Do you have an old PC lying around gathering dust? How about a small-capacity USB flash drive sitting, unloved in a drawer? You can reuse your old computer and a USB flash drive by installing a tiny Linux distribution.
Mini Linux distros are great as they require fewer system resources than other options yet still deliver a whole operating system experience, and we have nine of the smallest Linux distros for you to choose from.
- Parodper ( @Parodper@foros.fediverso.gal ) galego14•5 months ago
Honestly, just use Debian. It can run under 200MB of RAM (default install), so it beats all distros on the list except for TinyCore and SliTaz, and it actually has packages.
- utopiah ( @utopiah@lemmy.ml ) 3•5 months ago
Indeed was my first thought when I didn’t see on the list.
- Sina ( @Sina@beehaw.org ) 2•5 months ago
Chrunchbang or Bunsen are exactly this, vanilla Debian with stuff set up with openbox. The vast majority of ppl don’t need anything more lightweight than this. (maybe conky should be removed, but that’s it.)
If the old PC in question is a small laptop, such as an EEEpc, then I would use vanilla Debian with i3, because I really would want tiling on that…
- Apathy Tree ( @ApathyTree@lemmy.dbzer0.com ) English7•5 months ago
Hey this is just what I need. And exactly when I needed it.
I have an old enterprise tower I’ve been trying to set up for my bedroom tv (I believe from 2009 or so) that only has 4gb ram but 12 (!!!) usb ports, and mint with xfce is still much too heavy for it, despite it being able to run win 10 fairly well.

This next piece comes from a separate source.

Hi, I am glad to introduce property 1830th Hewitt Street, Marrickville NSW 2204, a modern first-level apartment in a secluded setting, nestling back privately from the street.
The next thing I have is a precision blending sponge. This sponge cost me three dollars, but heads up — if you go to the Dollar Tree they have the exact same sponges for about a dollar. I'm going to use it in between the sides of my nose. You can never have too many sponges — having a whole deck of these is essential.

All it needs to be able to do is run my vpn, torrent client, and web browser for media playback (Plex web, hosted elsewhere on my network).

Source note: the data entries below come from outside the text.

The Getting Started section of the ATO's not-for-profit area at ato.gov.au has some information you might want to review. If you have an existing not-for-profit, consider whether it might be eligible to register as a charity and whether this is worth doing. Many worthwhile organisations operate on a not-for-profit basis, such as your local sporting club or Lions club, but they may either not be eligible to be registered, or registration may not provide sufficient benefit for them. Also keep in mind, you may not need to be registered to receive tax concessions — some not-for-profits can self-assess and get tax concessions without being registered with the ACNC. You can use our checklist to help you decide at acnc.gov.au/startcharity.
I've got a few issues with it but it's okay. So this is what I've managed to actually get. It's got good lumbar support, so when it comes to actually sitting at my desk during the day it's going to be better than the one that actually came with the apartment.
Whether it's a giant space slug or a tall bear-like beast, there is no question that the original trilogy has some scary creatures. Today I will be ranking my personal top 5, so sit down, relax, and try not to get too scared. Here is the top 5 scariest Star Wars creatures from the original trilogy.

- Molten_Moron ( @Molten_Moron@lemmings.world ) 1•5 months ago
That sounds really odd; Win 10 should be way more intensive than Mint with XFCE. Something else seems out of wack then.
- SuperSpruce ( @SuperSpruce@lemmy.zip ) 6•5 months ago
The reason why I gave Linux a serious look was due to how lightweight it can be and how it can make crappy hardware run fast.
It’s like taking a 0.66L 3-cylinder engine from a big SUV (Windows) to a motorcycle (lightweight Linux distro). And then it does 0-60 in under 4 seconds (the system runs super fast).
- peterf ( @peterf@lemm.ee ) 6•5 months ago
“9 Linux Distros that don’t even pretend to work”
- Possibly linux ( @possiblylinux127@lemmy.zip ) English1•5 months ago
They likely worked when this article was written.
- LiveLM ( @LiveLM@lemmy.zip ) English5•5 months ago
I think one of the smallest yet fully up-to-date distros around is Alpine Linux.
It might not be a perfect desktop because of Musl incompatibilities but hey, it has a ton of apps in the repos, if your usecase it’s simple it might be enough.- Possibly linux ( @possiblylinux127@lemmy.zip ) English2•5 months ago
Keep in mind that it doesn’t have good out of the box support for broadcom. (Broadcom is the old Nvidia and is a pain to get working under Linux)
- Possibly linux ( @possiblylinux127@lemmy.zip ) English3•5 months ago
I used AOSC retro on a Pentium machine with 32mb of ram.
https://wiki.aosc.io/aosc-os/retro/intro/
Not terribly well documented but it has systemd and is Debian based.
- Possibly linux ( @possiblylinux127@lemmy.zip ) English2•5 months ago
This article is pretty old and some of the distros suggested are no longer effectively maintained.
- Björn Tantau ( @bjoern_tantau@swg-empire.de ) 2•5 months ago
Reminds me of the fli4l project. Floppy ISDN for Linux. It used to be an entire Linux installation to use as a router that fit on a 3.5" floppy disc. I had it breath new life into an old 486 PC I had lying around.